▶ **WHAT IS BEING ASKED**
With the images excluded, set down every line of the listing below exactly.

-- SUPPLIED RECORDS follows --

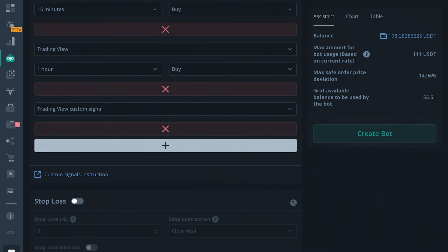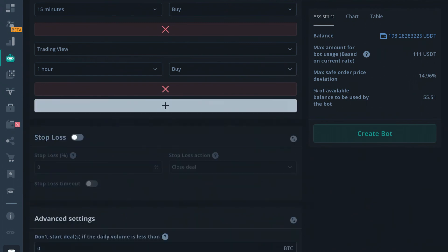Alright, so that pretty much sums it up for Deal Start Conditions. Just keep in mind that these conditions work as an AND factor, not an OR factor. So every Deal Start Condition must align in order for your bot to start a deal. So alright, let's get ready for the next lesson.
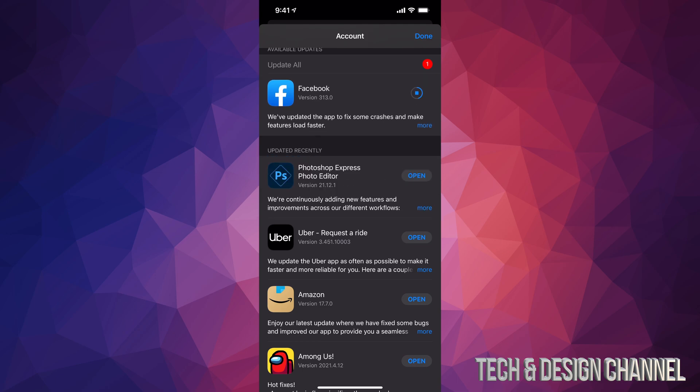Right now my last one is actually Facebook. It's almost done downloading. Once it's done downloading, it's just going to move down to my 'Updated Recently' and I shouldn't see any more apps that need that update.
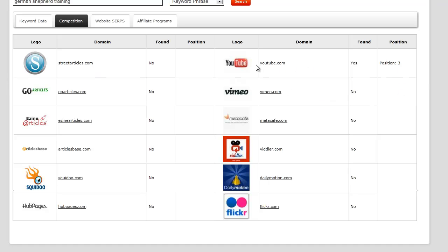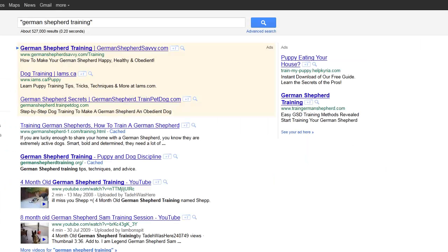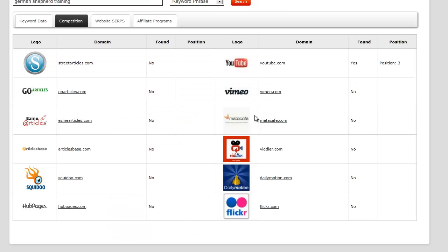One thing I did notice is that it says YouTube at position number three. If I go ahead and open this, I can see one, two, three — there's YouTube right there showing us 'German Shepherd training.' So that's pretty good.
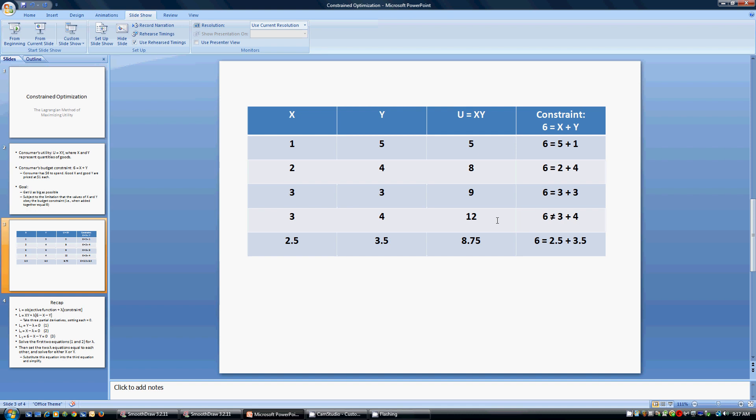So this gives you an idea of what constrained optimization is all about. We're trying to get the biggest value for our objective function — in this case our utility function — subject to some constraint. Now let me show you this using the Lagrangian method. We're going to come to the same conclusion: 3 and 3 is the optimal consumption bundle for this consumer.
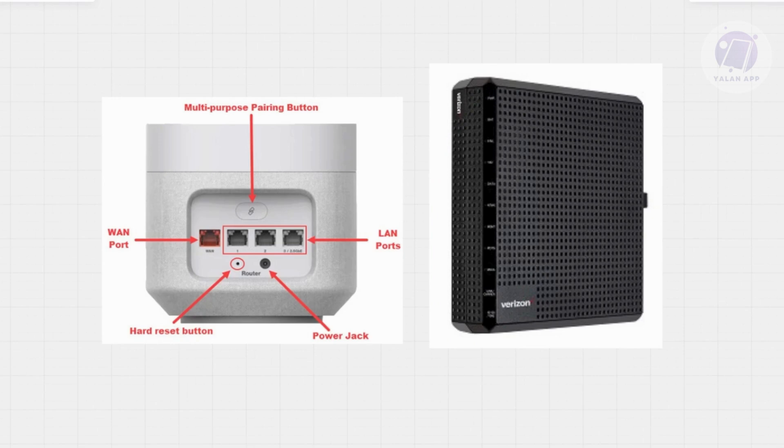Next, power back your router and let it boot up completely.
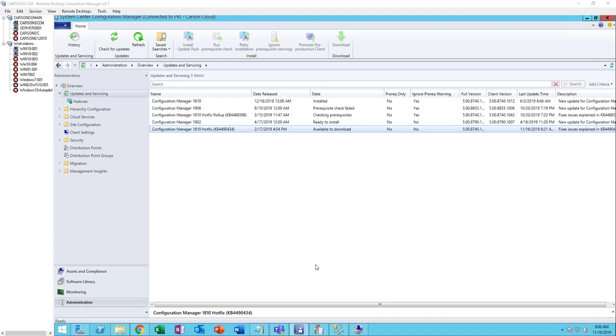Hey guys, this is Carson Cloud. Welcome back to my channel. In this video, I'm going to show you how to deploy hardware updates in SCCM using third-party tools. You can deploy manufacturer BIOS updates, video card updates,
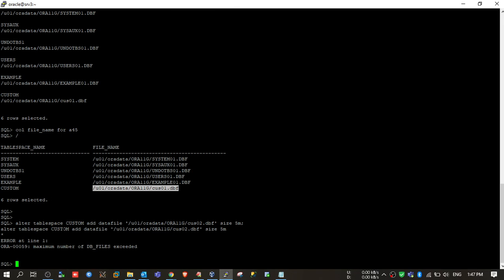You can see we got error ORA-00059: maximum number of db_files exceeded. So we need to change the static parameter db_files to a larger value. That's why by default the value is 200, so in most environments you will not see such errors. But in environments where your database is 10 TB, 15 TB, or 20 TB, you may have more than 200 data files and will need to change the parameter value.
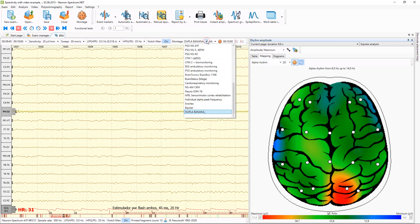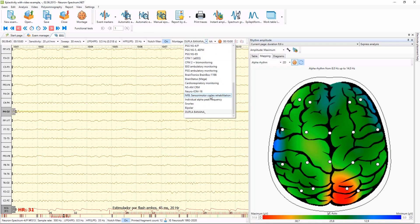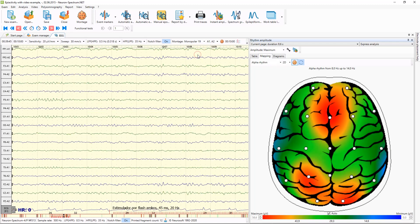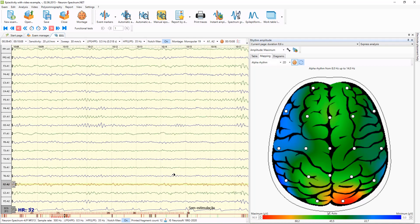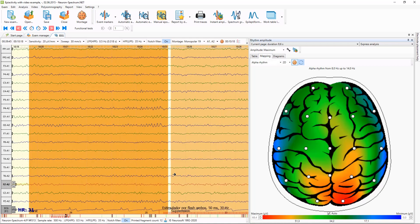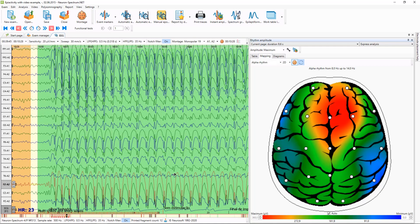To make it more clear, we can select another montage — for example, Monopolar 19. Here we can see that the Alpha rhythm is bigger in occipital derivations. On the FZ derivation it is untypically higher because this patient is ill and has epileptiform activity.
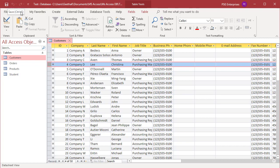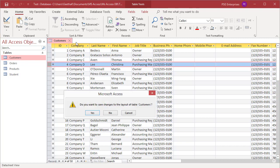Once you save the changes, you cannot undo the changes. Even if you did not save the layout changes, you cannot undo changes to the width of a column or the height of a row by clicking the undo button on the quick access toolbar. To undo changes, close the datasheet and then click no when you are prompted to save your changes to the layout of the datasheet. Clicking no will also undo any other layout changes that you made.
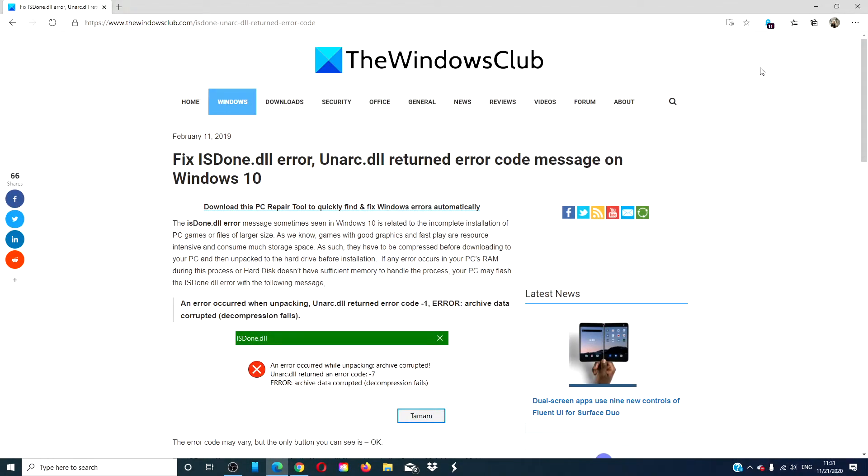Hello Windows Universe! In this video we will look at how you can fix the isdone.dll error.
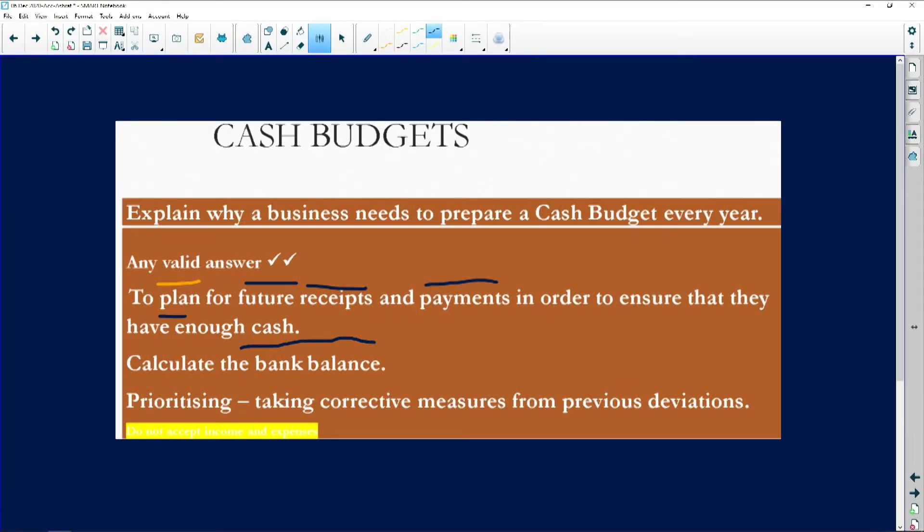The purpose is to ensure that we have enough cash on hand, and that is why it's part of internal control — it's part of planning for the future. We want to calculate a future bank balance, or we need to prioritize taking corrective measures from previous deviations. If there was overspending in the previous month or year, we need to take corrective measures to ensure it doesn't happen again.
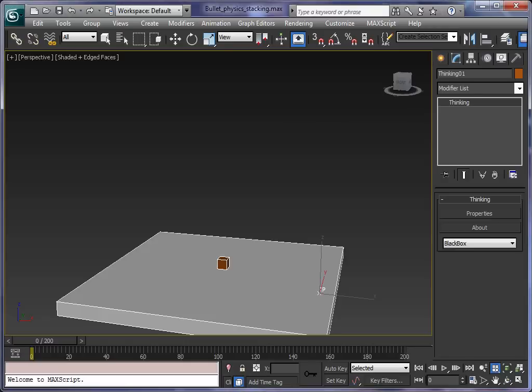Welcome to the Thinking Particles 5 stable physics video. In this video I want to show you our latest physics engine we have implemented in Thinking Particles 5. We use the bullet physics libraries and I'm going to show you how stable you can get a dynamic simulation in Thinking Particles.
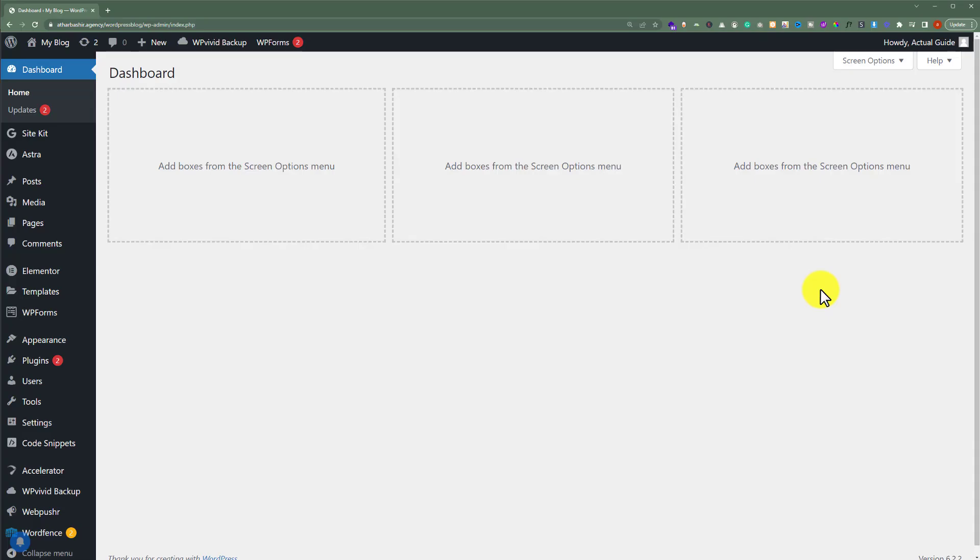So at first login to your WordPress website dashboard, for which you want to fix all the 404 errors.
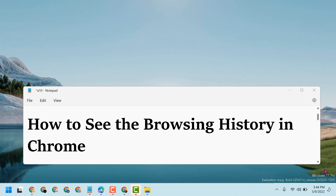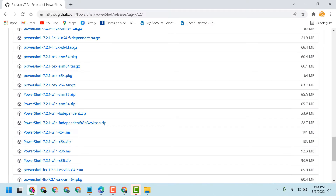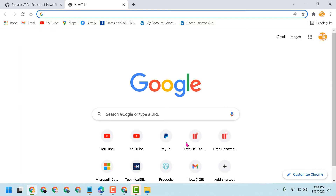Hello friends, in this video I will show you how to see the browsing history in Chrome browser. If you are using Chrome browser and you want to see the history, firstly open Chrome browser then press Ctrl+H.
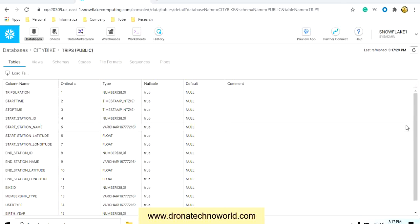This is how we create a database and table in Snowflake. In the next lecture we'll see how to create external stages for preparing the data. If you like this video, kindly subscribe to the channel. Thank you for watching and have a nice time.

-- SUPPLIED RECORDS concluded --

▶ **OUTPUT OF THE EXERCISE**
Alright, so that pretty much sums it up for Deal Start Conditions. Just keep in mind that these conditions work as an AND factor, not an OR factor. So every Deal Start Condition must align in order for your bot to start a deal. So alright, let's get ready for the next lesson.
Right now my last one is actually Facebook. It's almost done downloading. Once it's done downloading, it's just going to move down to my 'Updated Recently' and I shouldn't see any more apps that need that update.
One thing I did notice is that it says YouTube at position number three. If I go ahead and open this, I can see one, two, three — there's YouTube right there showing us 'German Shepherd training.' So that's pretty good.
So this gives you an idea of what constrained optimization is all about. We're trying to get the biggest value for our objective function — in this case our utility function — subject to some constraint. Now let me show you this using the Lagrangian method. We're going to come to the same conclusion: 3 and 3 is the optimal consumption bundle for this consumer.
Next, power back your router and let it boot up completely.
Hey guys, this is Carson Cloud. Welcome back to my channel. In this video, I'm going to show you how to deploy hardware updates in SCCM using third-party tools. You can deploy manufacturer BIOS updates, video card updates,
You can see we got error ORA-00059: maximum number of db_files exceeded. So we need to change the static parameter db_files to a larger value. That's why by default the value is 200, so in most environments you will not see such errors. But in environments where your database is 10 TB, 15 TB, or 20 TB, you may have more than 200 data files and will need to change the parameter value.
To make it more clear, we can select another montage — for example, Monopolar 19. Here we can see that the Alpha rhythm is bigger in occipital derivations. On the FZ derivation it is untypically higher because this patient is ill and has epileptiform activity.
Once you save the changes, you cannot undo the changes. Even if you did not save the layout changes, you cannot undo changes to the width of a column or the height of a row by clicking the undo button on the quick access toolbar. To undo changes, close the datasheet and then click no when you are prompted to save your changes to the layout of the datasheet. Clicking no will also undo any other layout changes that you made.
Hello Windows Universe! In this video we will look at how you can fix the isdone.dll error.
The purpose is to ensure that we have enough cash on hand, and that is why it's part of internal control — it's part of planning for the future. We want to calculate a future bank balance, or we need to prioritize taking corrective measures from previous deviations. If there was overspending in the previous month or year, we need to take corrective measures to ensure it doesn't happen again.
Welcome to the Thinking Particles 5 stable physics video. In this video I want to show you our latest physics engine we have implemented in Thinking Particles 5. We use the bullet physics libraries and I'm going to show you how stable you can get a dynamic simulation in Thinking Particles.
So at first login to your WordPress website dashboard, for which you want to fix all the 404 errors.
Hello friends, in this video I will show you how to see the browsing history in Chrome browser. If you are using Chrome browser and you want to see the history, firstly open Chrome browser then press Ctrl+H.
This is how we create a database and table in Snowflake. In the next lecture we'll see how to create external stages for preparing the data. If you like this video, kindly subscribe to the channel. Thank you for watching and have a nice time.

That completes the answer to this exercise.